This provides an opportunity for special dividends. Keppel does not have a rigid dividend policy but has a historical practice of distributing about 50–60% of annual net profit to shareholders. Large, one-off gains from asset disposals inflate reported net profit and often generate cash proceeds; both effects expand the pool of capital available for ordinary dividends and for special distributions (including in-specie shares or other non-cash distributions). 

A direct precedent is the Keppel O&M disposal to Sembcorp Marine (now Seatrium). That transaction delivered a S$3.4 billion one-off gain, resulted in Keppel receiving 36.8 billion Sembmarine shares (an implied value of ~S$4.5 billion) and led Keppel to distribute 49% of those shares in-specie to shareholders – roughly 19.1 Sembmarine shares for every Keppel share held, an implied distribution value of ~S$4.1 billion. In FY2023 Keppel distributed in-specie Seatrium shares (equivalent to 219.0 cents per share) and Keppel REIT units (equivalent to 16.7 cents per share), concrete examples of how asset monetisation has been translated into shareholder pay-outs.

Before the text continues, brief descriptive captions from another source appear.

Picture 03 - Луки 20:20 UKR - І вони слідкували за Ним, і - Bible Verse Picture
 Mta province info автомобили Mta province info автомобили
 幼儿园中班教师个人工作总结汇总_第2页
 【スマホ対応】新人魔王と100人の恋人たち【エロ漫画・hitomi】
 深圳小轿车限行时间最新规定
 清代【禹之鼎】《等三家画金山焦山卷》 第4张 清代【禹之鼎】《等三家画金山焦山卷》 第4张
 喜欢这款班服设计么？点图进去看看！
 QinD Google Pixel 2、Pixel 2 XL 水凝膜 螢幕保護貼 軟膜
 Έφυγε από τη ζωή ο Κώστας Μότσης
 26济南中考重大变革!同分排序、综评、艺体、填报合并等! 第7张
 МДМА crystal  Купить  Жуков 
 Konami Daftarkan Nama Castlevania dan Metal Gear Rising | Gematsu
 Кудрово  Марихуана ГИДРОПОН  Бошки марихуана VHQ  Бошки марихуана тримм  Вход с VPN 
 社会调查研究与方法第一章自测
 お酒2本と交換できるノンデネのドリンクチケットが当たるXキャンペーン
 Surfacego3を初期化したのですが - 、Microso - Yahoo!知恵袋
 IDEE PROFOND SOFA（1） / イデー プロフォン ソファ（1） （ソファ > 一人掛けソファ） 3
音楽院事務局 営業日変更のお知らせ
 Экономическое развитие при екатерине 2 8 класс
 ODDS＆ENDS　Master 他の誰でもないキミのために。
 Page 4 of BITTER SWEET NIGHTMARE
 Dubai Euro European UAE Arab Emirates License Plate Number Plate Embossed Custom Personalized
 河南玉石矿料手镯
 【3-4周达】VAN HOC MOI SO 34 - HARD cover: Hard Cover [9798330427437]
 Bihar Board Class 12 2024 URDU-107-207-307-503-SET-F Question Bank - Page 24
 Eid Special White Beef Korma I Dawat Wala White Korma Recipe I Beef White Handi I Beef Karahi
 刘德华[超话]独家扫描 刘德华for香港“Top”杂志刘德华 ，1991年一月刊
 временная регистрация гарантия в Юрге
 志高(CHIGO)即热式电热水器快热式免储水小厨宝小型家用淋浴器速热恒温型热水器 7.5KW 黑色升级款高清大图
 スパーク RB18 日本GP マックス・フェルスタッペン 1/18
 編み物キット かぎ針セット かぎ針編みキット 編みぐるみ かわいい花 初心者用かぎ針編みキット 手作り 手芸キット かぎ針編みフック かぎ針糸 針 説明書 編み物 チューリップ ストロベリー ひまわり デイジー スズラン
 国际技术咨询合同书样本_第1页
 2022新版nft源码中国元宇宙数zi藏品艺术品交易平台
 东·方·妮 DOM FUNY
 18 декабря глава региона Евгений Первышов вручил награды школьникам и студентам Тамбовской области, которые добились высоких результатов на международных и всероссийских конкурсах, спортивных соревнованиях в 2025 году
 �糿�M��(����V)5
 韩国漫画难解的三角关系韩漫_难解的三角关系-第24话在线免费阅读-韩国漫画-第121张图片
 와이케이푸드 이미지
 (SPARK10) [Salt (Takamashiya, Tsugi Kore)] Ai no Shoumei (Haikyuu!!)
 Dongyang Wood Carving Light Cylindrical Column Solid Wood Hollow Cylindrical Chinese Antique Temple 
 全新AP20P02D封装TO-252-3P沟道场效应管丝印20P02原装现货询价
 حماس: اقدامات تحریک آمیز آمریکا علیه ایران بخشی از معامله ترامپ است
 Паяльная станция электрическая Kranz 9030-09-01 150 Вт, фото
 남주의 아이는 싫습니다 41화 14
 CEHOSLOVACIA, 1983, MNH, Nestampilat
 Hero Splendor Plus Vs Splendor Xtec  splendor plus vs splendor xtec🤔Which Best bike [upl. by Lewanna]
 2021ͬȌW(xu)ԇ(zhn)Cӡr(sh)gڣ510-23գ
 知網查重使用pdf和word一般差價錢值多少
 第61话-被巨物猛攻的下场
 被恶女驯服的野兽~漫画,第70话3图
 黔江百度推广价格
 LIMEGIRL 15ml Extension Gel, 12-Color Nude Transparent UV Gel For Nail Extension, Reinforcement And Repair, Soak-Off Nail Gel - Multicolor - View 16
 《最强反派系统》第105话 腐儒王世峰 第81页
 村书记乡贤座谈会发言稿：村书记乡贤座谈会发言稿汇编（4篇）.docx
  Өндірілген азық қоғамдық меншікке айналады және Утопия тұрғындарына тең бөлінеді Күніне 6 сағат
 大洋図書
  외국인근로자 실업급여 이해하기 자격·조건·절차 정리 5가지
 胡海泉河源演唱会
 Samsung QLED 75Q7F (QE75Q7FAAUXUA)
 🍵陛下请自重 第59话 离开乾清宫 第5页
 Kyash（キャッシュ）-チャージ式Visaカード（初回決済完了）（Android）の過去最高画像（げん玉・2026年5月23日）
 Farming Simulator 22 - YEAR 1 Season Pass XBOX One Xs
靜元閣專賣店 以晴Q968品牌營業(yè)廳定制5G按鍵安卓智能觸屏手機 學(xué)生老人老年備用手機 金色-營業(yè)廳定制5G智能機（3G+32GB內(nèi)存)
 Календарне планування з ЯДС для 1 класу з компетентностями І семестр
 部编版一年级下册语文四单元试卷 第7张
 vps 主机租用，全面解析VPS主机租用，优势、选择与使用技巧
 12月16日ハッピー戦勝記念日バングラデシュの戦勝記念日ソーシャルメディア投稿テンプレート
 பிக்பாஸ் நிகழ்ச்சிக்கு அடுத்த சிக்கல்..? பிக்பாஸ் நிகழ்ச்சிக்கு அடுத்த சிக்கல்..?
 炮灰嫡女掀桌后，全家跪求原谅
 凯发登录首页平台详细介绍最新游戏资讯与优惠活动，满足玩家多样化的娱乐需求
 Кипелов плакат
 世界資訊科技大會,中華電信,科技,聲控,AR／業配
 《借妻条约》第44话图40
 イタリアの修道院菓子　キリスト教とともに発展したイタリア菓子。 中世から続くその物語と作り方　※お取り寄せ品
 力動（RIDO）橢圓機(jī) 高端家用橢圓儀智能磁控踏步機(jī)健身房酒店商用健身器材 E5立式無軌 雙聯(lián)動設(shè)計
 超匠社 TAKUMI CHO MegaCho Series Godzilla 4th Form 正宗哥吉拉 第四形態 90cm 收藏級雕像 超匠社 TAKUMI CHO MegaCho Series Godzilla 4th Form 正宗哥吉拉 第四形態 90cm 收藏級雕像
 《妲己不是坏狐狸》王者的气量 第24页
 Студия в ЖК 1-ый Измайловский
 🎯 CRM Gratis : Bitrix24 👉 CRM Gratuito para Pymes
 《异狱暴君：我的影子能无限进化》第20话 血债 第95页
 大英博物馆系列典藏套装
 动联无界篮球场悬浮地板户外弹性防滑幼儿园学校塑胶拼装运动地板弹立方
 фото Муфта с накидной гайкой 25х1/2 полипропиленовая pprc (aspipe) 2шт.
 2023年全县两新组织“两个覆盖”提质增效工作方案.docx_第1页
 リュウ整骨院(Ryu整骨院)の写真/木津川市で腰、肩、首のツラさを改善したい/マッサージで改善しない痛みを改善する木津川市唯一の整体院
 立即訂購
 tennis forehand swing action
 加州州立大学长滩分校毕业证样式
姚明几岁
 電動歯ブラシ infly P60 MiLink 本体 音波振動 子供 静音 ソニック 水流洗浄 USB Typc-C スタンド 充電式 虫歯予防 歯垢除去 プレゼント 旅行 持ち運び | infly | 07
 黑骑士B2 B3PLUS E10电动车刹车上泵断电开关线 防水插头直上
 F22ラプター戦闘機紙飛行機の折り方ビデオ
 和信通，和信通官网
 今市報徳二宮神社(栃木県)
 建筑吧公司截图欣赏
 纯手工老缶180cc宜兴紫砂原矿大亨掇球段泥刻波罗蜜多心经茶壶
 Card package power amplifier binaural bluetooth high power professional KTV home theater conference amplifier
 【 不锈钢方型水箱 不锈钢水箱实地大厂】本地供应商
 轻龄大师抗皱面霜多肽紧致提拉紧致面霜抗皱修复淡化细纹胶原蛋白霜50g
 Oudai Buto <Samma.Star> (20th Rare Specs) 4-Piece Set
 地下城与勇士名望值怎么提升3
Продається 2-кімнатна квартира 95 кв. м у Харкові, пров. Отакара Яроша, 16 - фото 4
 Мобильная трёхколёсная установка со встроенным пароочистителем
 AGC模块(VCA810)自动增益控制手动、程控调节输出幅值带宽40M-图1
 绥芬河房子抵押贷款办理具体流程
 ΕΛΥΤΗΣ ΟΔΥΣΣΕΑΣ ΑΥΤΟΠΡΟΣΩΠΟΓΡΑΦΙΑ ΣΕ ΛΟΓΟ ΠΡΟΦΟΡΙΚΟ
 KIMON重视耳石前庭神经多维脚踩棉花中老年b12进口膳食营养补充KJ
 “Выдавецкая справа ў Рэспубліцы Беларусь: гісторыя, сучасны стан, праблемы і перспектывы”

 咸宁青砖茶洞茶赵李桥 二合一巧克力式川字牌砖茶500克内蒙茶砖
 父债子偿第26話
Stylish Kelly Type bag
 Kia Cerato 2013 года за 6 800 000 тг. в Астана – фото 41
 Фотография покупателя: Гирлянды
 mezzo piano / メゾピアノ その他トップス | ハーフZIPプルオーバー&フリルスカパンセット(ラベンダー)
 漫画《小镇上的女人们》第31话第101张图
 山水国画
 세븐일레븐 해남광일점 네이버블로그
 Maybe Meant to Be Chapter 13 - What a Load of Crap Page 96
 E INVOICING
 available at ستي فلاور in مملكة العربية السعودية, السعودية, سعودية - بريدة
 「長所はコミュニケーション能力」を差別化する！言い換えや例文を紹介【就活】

Applying that template to M1: the sale crystallises value in a regulated, consumer telco business (EV S$1.43bn; cash S$1.0bn), reduces Keppel’s exposure to a lower-margin line, and preserves the ICT assets that drive recurring earnings (M1’s retained operations recorded S$806.1m revenue and S$195.4m EBITDA in the year ending April). Even accounting for management’s expected one-off accounting loss of S$222m, the net effect is to release capital and to improve the quality of the group’s recurring earnings. 

CEO Loh Chin Hua has framed asset monetisation as a tool “to free up funds for growth, debt reduction and rewarding shareholders.” Keppel’s FY2024 payout ratio was 67% versus 15% in 2023, demonstrating management’s willingness to sustain elevated distributions when balance-sheet events and recurring profits permit. Taken together, the M1 sale therefore raises the probability of either a higher ordinary dividend or a further special distribution (including in-specie forms), because it mirrors the mechanics and outcomes of the O&M disposal.

Keppel’s business model

Beyond the dividends, the M1 and O&M transactions are structural steps in Keppel’s deliberate pivot to an asset-light model. The group has been stripping out capital-intensive, cyclical or regulated consumer businesses and reallocating capital into three core segments – Infrastructure, Real Estate (re-scoped as Real Estate-as-a-Service), and Connectivity, delivered through three integrated platforms: Fund Management, Investment, and Operations. The technical mechanics are explicit:

  • Fund Management platform: raises third-party capital and manages private funds and listed vehicles (Keppel’s FUM rose from S$37bn in 2020 to S$88bn by end-2024, a 2.4x increase), with targets of S$100bn by end-2026 and S$200bn by 2030.
  • Investment platform: co-invests and deploys capital across the capital stack into infrastructure, connectivity and SUR projects, then recycles assets into funds or listed trusts.
  • Operating platform: develops, operates and contracts assets (power plants, desalination, district cooling, data-centre operations, subsea cable O&M) to deliver long-term contracted cash flows and create investable assets for funds.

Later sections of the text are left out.